The first thing that comes to mind is somewhat hackish, but you could define a struct that stored both the double and its original index, then overload the < operator to sort based on the double:
struct s {
double d;
int index;
bool operator < (const struct &s) const {
return d < s.d;
}
};
Then you could retrieve the original indices from the struct.
Fuller example:
vector<double> orig;
vector<s> v;
...
for (int i=0; i < orig.size(); ++i) {
s s_temp;
s_temp.d = orig[i];
s_temp.index = i;
v.push_back(s);
}
sort(v.begin(), v.end());
//now just retrieve v[i].index
This will leave them sorted from smallest to largest, but you could overload the > operator instead and then pass in greater to the sort function if wanted.
OK, how about this?
bool isSmaller (std::pair<double, int> x, std::pair<double, int> y)
{
return x.first< y.first;
}
int main()
{
//...
//you have your vector<double> here, say name is d;
std::vector<std::pair<double, int> > newVec(d.size());
for(int i = 0; i < newVec.size(); ++i)
{
newVec[i].first = d[i];
newVec[i].second = i; //store the initial index
}
std::sort(newVec.begin(), newVec.end(), &isSmaller);
//now you can iterate through first k elements and the second components will be the initial indices
}
Use multimap
for vector
's (value, index) to handle dups.
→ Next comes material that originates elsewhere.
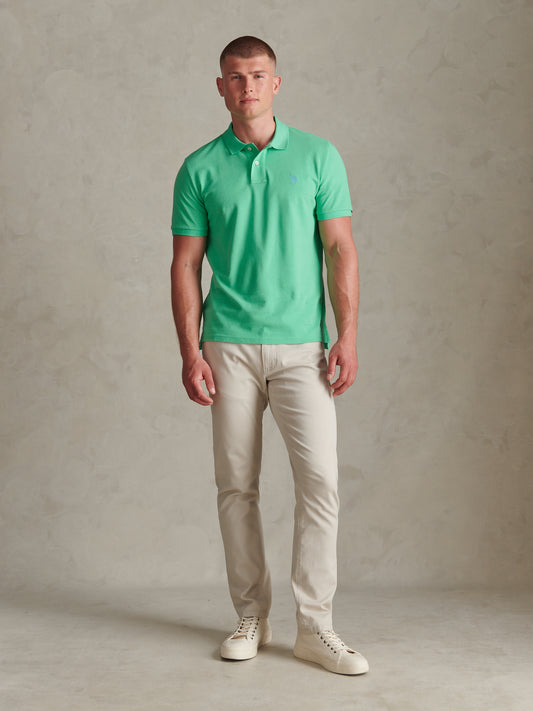 Mens Double Horsemen Polo Shirt Katydid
Use reverse iterators to walk results in descending order.
#include <multimap>
#include <vector>
using namespace std;
multimap<double, size_t> indices;
vector<double> values;
values.push_back(1.0);
values.push_back(2.0);
values.push_back(3.0);
values.push_back(4.0);
size_t i = 0;
for(vector<double>::const_iterator iter = values.begin();
iter != values.end(); ++iter, ++i)
{
indices.insert(make_pair<double,int>(*iter, i));
}
i = 0;
size_t limit = 2;
for (multimap<double, size_t>::const_reverse_iterator iter = indices.rbegin();
iter != indices.rend() && i < limit; ++iter, ++i)
{
cout << "Value " << iter->first << " index " << iter->second << endl;
}
Output is
Value 4 index 3
Value 3 index 2
If you just want the vector
indices after sort, use this:
#include <algorithm>
#include <vector>
using namespace std;
vector<double> values;
values.push_back(1.0);
values.push_back(2.0);
values.push_back(3.0);
values.push_back(4.0);
sort(values.rbegin(), values.rend());
The top K entries are indexed by 0 to K-1, and appear in descending order. This uses reverse iterators combined with standard sort
(using less<double>
to achieve descending order when iterated forward. Equivalently:
sort(values.rbegin(), values.rend(), less<double>());
Sample code for the excellent nth_element
solution suggested by @Kiril here (K = 125000, N = 500000). I wanted to try this out, so here it is.
vector<double> values;
for (size_t i = 0; i < 500000; ++i)
{
values.push_back(rand());
}
nth_element(values.begin(), values.begin()+375000, values.end());
sort(values.begin()+375000, values.end());
vector<double> results(values.rbegin(), values.rbegin() + values.size() - 375000);
you could use the nth_element
STL algorithm - this will return you the N greatest elements ( this is the fastest way,using stl ) and then use .sort on them,or you could use the partial_sort algorithm,if you want the first K elements to be sorted (:
Using just .sort is awful - it is very slow for the purpose you want.. .sort is great STL algorithm,but for sorting the whole container,not just the first K elements (; it's not an accident the existung of nth_element and partial_sort ;)
So you actually need a structure that maps indices to corresponding doubles.
You could use std::multimap
class to perform this mapping. As Jason have noted std::map
does not allow duplicate keys.
std::vector<double> v; // assume it is populated already
std::multimap<double, int> m;
for (int i = 0; i < v.size(); ++i)
m.insert(std::make_pair(v[i], i));
...
After you've done this you could iterate over first ten elements as map preserves sorting of keys to the elements.